Vol. 2 No. 11 (November, 1992) pp. 187-188
CLOAK AND GAVEL: FBI WIRETAPS, BUGS, INFORMERS, AND THE SUPREME
COURT by Alexander Charns. Champaign, Illinois: University of
Illinois, 1992. 206 pp. Cloth $24.95.
Reviewed by David M. O'Brien, Department of Government and
Foreign Affairs, University of Virginia.
This engaging and often disturbing book sheds new light on the
illegal and unethical activities of the Federal Bureau of
Investigation (FBI), along with some Supreme Court justices'
highly questionable associations and unethical collaboration with
the bureau. Based primarily on FBI files, Alexander Charns, a
practicing attorney, begins by recounting his eight year-long
litigation battle to force the bureau to release under the
Freedom of Information Act its files on the Supreme Court and
individual justices. In addition, Charns draws on several of the
justices' papers at the Library of Congress and, notably,
obtained access to Justice Abe Fortas's papers, which are located
at Yale University and closed to the public until the year 2000.
The obsession of FBI director J. Edgar Hoover with combating
Communism and Left-wing "subversives" through
infiltration, wiretapping, and bugging has been well documented
elsewhere. But, the extent to which Hoover directed his campaign
at the Court has not received much attention. That, of course,
has been largely because the FBI's files have remained secret.
And that is where Charns's persistence and research makes a
genuine contribution. His story of the FBI and federal judges'
collaboration remains far from complete, to be sure, due to the
bureau's secret filing systems, destruction of records, and
censorship of materials that have been made available. Yet,
Charns reveals that Hoover made it a practice to try to curry
favor with some justices, to promote or cut short the careers of
others, and to otherwise influence the federal judiciary.
Moreover, between 1945 and 1974 at least twelve justices were
overheard in more than 100 wiretapped conversations and Charns
establishes some highly inappropriate connections between Hoover
and members of the Supreme Court and the federal judiciary.
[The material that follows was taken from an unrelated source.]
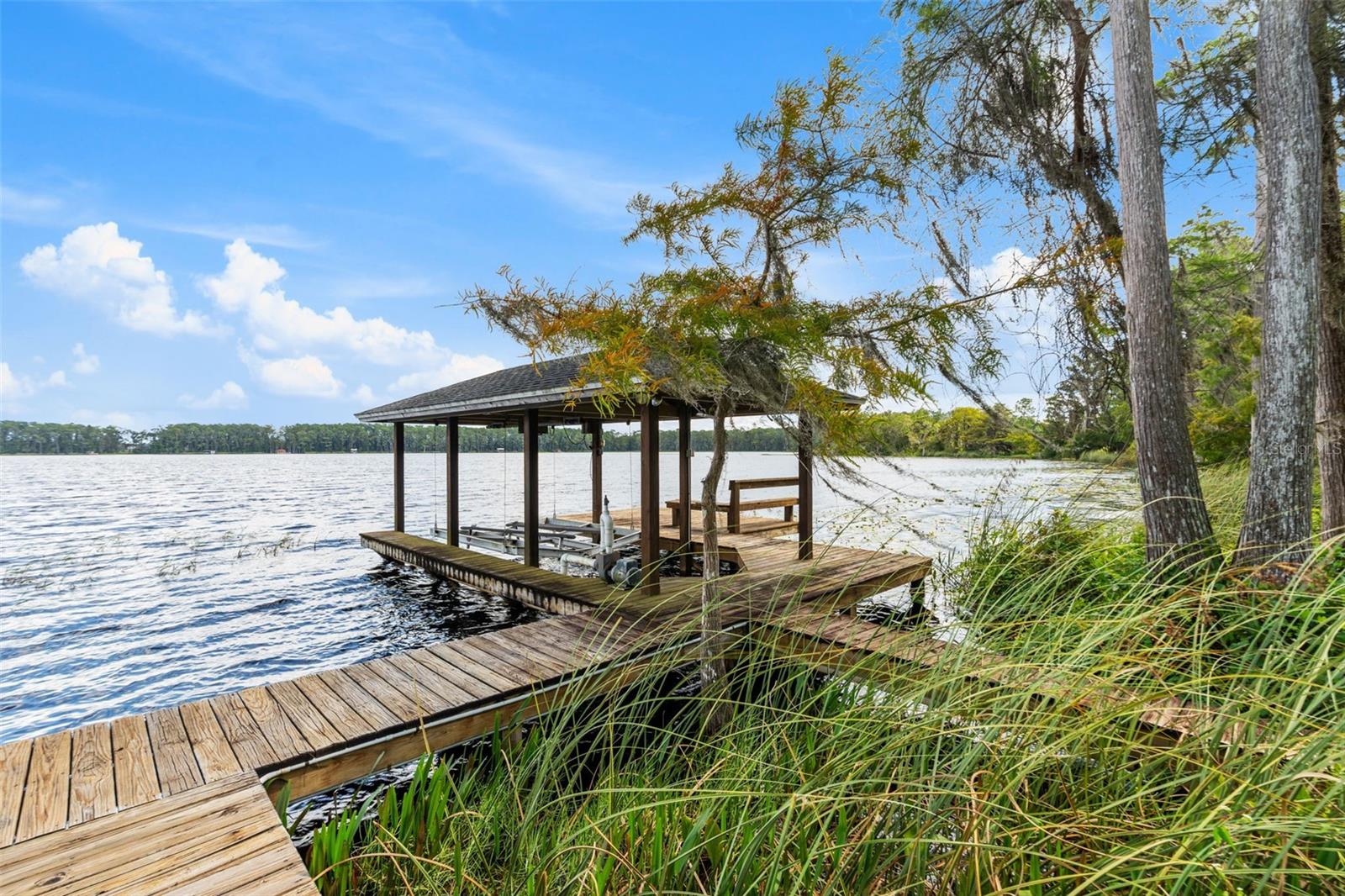 Image 55 of 70 For 16692 Lake Pickett Road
Not surprisingly, as with much of the Washington community Hoover
sought covert access to and influence in the Court. And as the
Warren Court moved in more liberal directions when dealing with
alleged Communists in the 1950s and then the rights of the
accused in the 1960s, Hoover became increasingly concerned.
Hoover persuaded Court employees to inform FBI agents about the
Court's deliberations, for example, in the case of Ethel and
Julius Rosenberg. Later, he directed an investigation of Earl
Warren and maintained files on Justice William 0. Douglas, among
other justices, that included material obtained through
unauthorized wiretaps. On the basis the latter material,
according to Charns, Hoover may have dissuaded President Harry
Truman from elevating Justice Douglas to chief justice in 1946.
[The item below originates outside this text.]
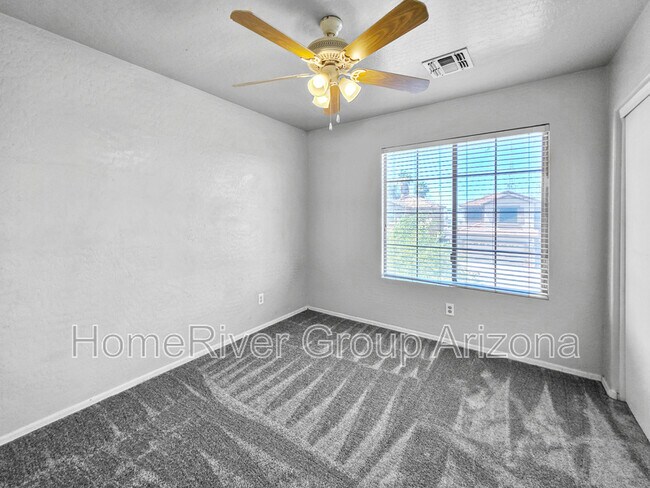Building Photo - 11365 W Yuma St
But, on this score Charns's evidence appears weak and
circumstantial. And the competing influences and pressures on
Truman when naming his friend Fred Vinson to the Court's center
chair are greater and more complex that Charns concedes. In
illuminating detail, however, Charns recounts how almost two
decades later Hoover armed Representative Gerald R. Ford with his
file on Douglas prior to Ford's bungled attempt to impeach the
justice in the House of Representatives.
More revealing and disturbing is Charns's reconstruction of
events in 1966 when Hoover managed to persuade Justice Abe
Fortas, whom he once considered a "sniveling liberal,"
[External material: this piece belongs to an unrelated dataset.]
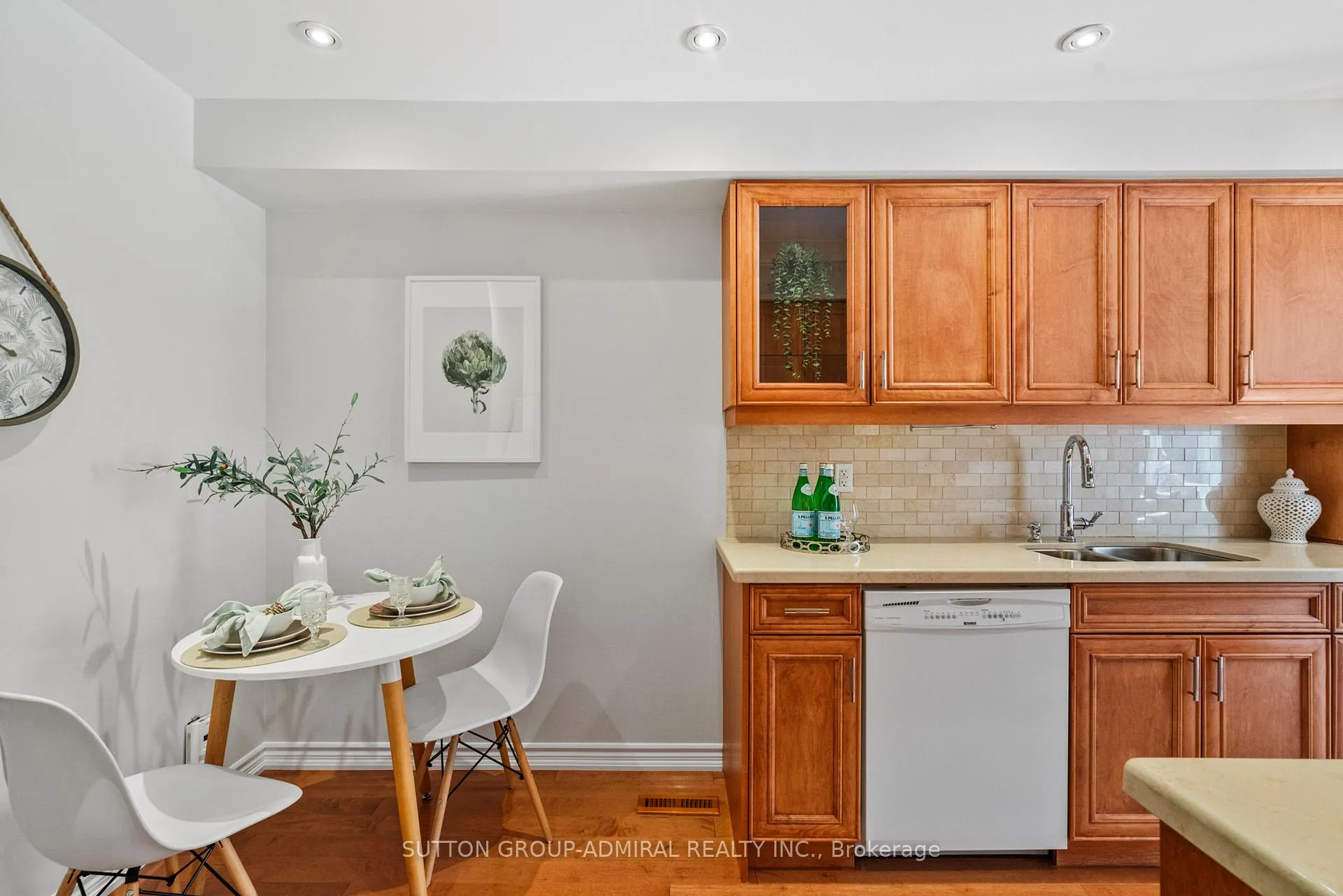 Photo 14 of 31 Karen Street, Vaughan, Crestwood-Springfarm-Yorkhill — HOMEH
to keep FBI agents abreast of the Court's deliberations in a
pending case. The case involved the bureau's unauthorized bugging
of the hotel room of Washington lobbyist Fred Black, a close
friend of Bobby Baker, who -- like Justice Fortas -- was one of
President Lyndon Johnson's intimate associates. Although Justice
Fortas recused himself from the case, this story of judicial
impropriety comprises the heart of Charns's book and adds another
chapter to the volumes already written about Justice Fortas's
indiscretions and improper activities on and off the bench.
Page 188 follows:
Admittedly, as a relentless foe of the FBI and
advocate-turned-author, Charns occasionally gets carried away.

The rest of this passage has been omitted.